Mountain lions, Black bears, Vegas and NYC - My Volunteer USA experience

22-year-old David from Durham shares his Volunteer USA experience.

From the deserts of the South West to the forests of the South East doing Volunteer USA
Signing up for Volunteer USA in the cold British new year of 2010, I knew to expect my fair share of excitement and the great outdoors. Little did I know that I’d be embarking on an adventure that would see me working and travelling on both sides of the country, experiencing things I’d never dream of in the UK and meeting friends I will keep for life.

My ACE adventure began with two projects in New Mexico destroying pesky invasive plant species. The intense heat and ravenous mosquitoes tested everyone’s patience at times but the group spirit never dropped and the nights after work were always a great laugh. It was even worth being bitten to death by the bugs to witness a mountain lion in the wild, something that people may never see in 20 years of hiking. Luckily we spotted it quite a few miles away from camp! We also got to finish early on the 4th of July and drove out to the chilled out Lake town of Eagles Nest some miles away to see the fireworks, eat burgers and take in the celebratory atmosphere. 

On my days off after New Mexico I set out on my first road trip to the Grand Canyon South Rim. In a moment of genius or madness, my friend Ben and I decided to hitch-hike the hundred miles or so from Flagstaff to the Canyon. Along the way we travelled with some amazing and friendly characters including a geologist, hydrologist and Vietnam War veteran. The most memorable lift came from a group of three Navajos, Vance, Ed and Lovenia, inside the Navajo Nation reservation. They kindly drove us straight into the Grand Canyon National Park for free, according to the special relationship between the park and the Native Americans. From there they took us off the beaten tourist track to the side of the canyon where we shared stories and drank a few beers. It was an experience I will never forget and luckily we avoided being chopped up and buried in the desert. From there we met up with some friends who were already camped there and hiked from the rim to Colorado River and back up the next day, 22 miles in total and worth every last stair.

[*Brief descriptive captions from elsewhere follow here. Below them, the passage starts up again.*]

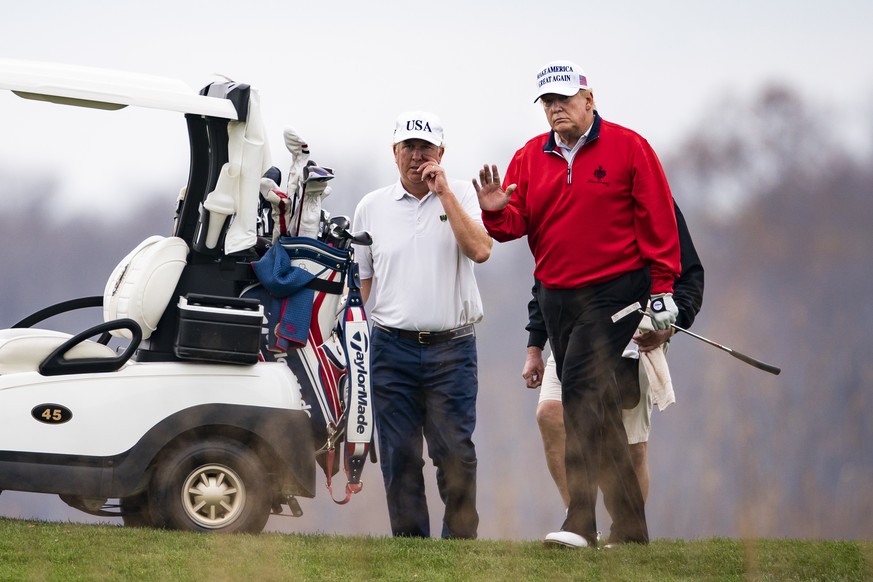 epaselect epa08834479 US President Donald J. Trump (R) plays golf for the 143rd time since becoming president at the Trump National Golf Club in Sterling, Virginia, USA, 21 November 2020. The presiden ...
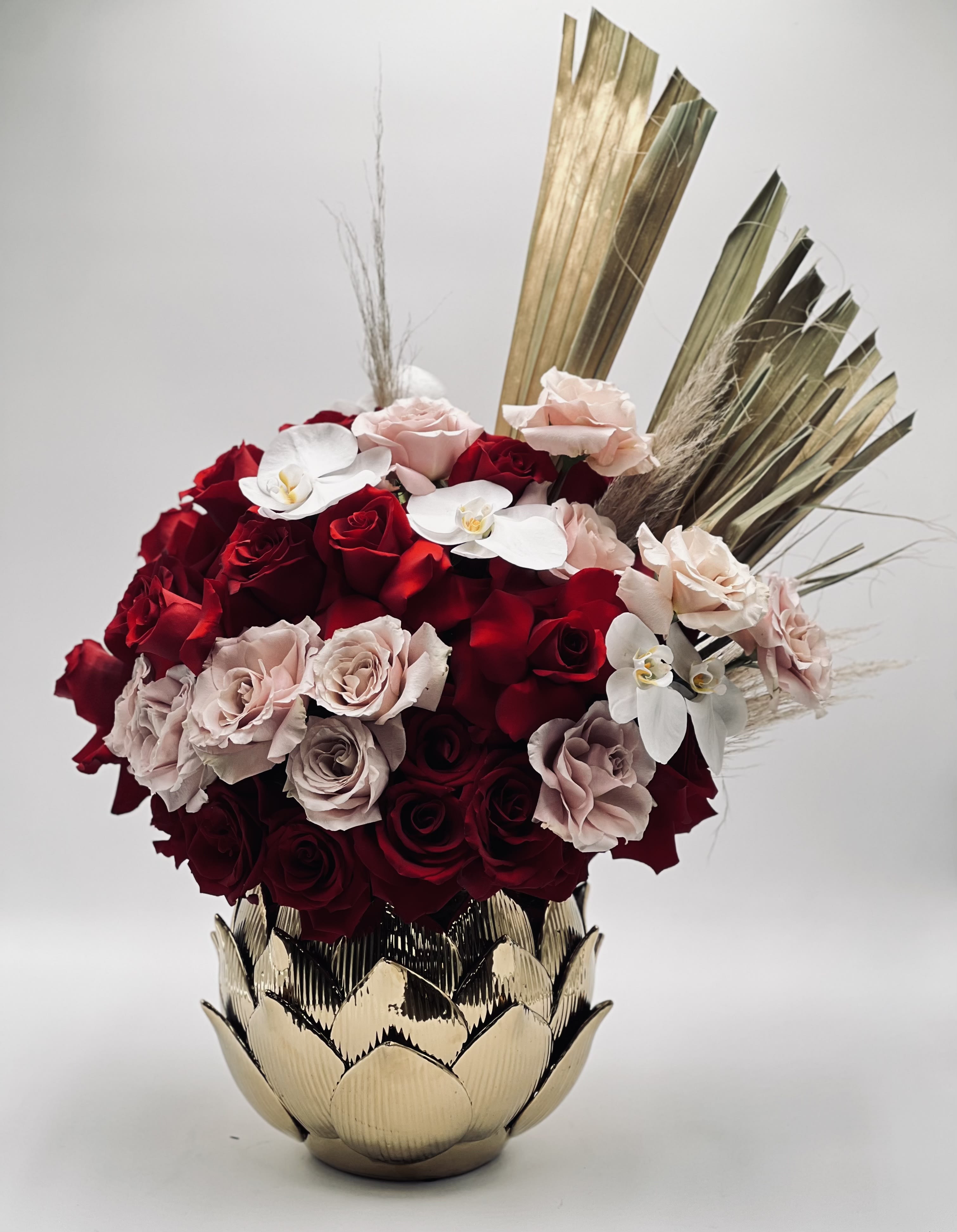 Red and blush roses arranged in a gold vase with white orchids
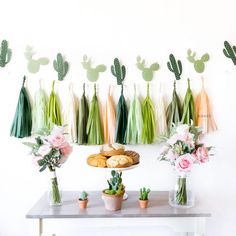 the dessert table is decorated with cactus decorations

My next work project was eight days in the beautiful Zion National Park doing fencing. This time I was in a big group with lots of cool characters and there was always plenty of laughs and swimming to cool off after work. With friends from Zion I then went to bright lights of Las Vegas for some well earned R and R, limo rides, casinos, buffets and clubs.

ACE then dropped the news that I’d be leaving the South West for a month long trailwork project in the Great Smoky Mountains in North Carolina. Two flights later we had touched down at Charlotte airport and the next day were driving to the Smokies with our supervisor Adam Scherm (Probably the coolest ACE supervisor). The project involved back country camping so we were camped miles from the nearest road up in the mountains. Thankfully our gear was taken up by mules. The Smokies are essentially a rainforest with dense trees in every direction, high humidity and, of course, downpours of rain. A far cry from the deserts of the South West. Again, we had a great team spirit, were never bored and really impressed the Park Service with our trailwork.

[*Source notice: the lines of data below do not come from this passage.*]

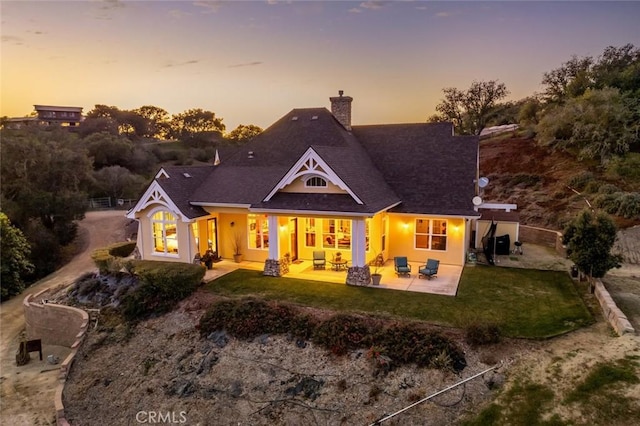 back house at dusk featuring a yard and a patio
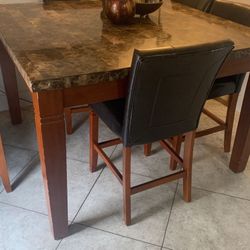 Sturdy Marble Table With Four Chairs For $125.00 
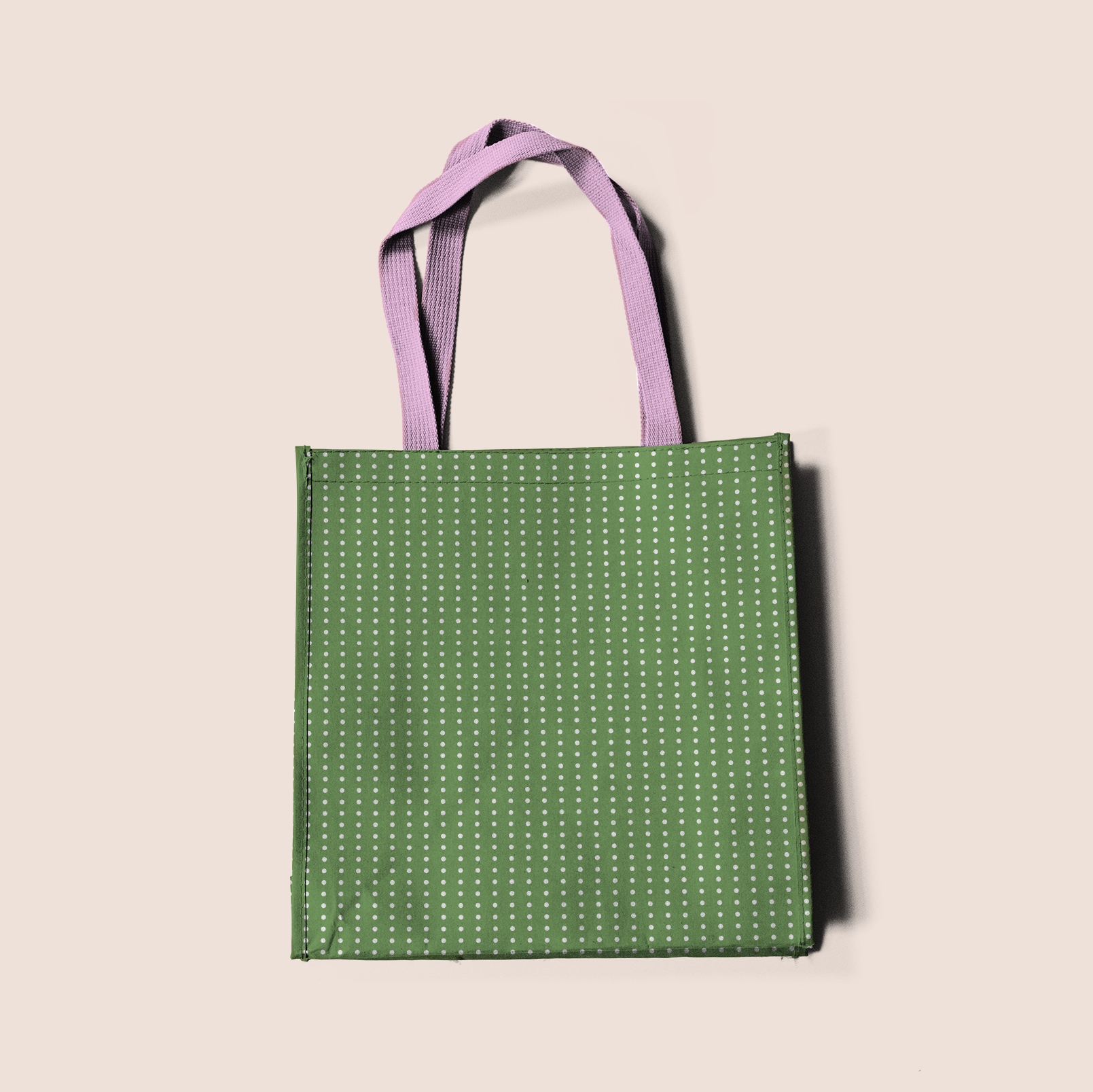 Aligned dots in green pattern design printed on recycled fabric bag and crafts mockup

Another interesting fact about the Smokies is that it has the densest population of black bears east of the Mississippi river with some growing to over five hundred pounds. Whilst one of our crew was lucky enough to see one just yards from camp, the closest I got was viewing destroyed water bottles and helmets we’d left on the trail during the night. The bear in question really had a taste for plastic and thankfully not humans.

One of the advantages of working the in the Smokies was that we were able to travel to New York and Washington DC on our off days and do all the touristy stuff, something I’d never expected to be doing when I left the UK.

When my ten weeks were over I could have easily stayed longer. The experiences I had and the people I met I will carry with me for a long time. It’s a special bond you share with people when you live and work with them in the middle of nowhere. If anyone is one the fence about doing Volunteer USA, I would say just go for it and be prepared to jump in headfirst and not look back.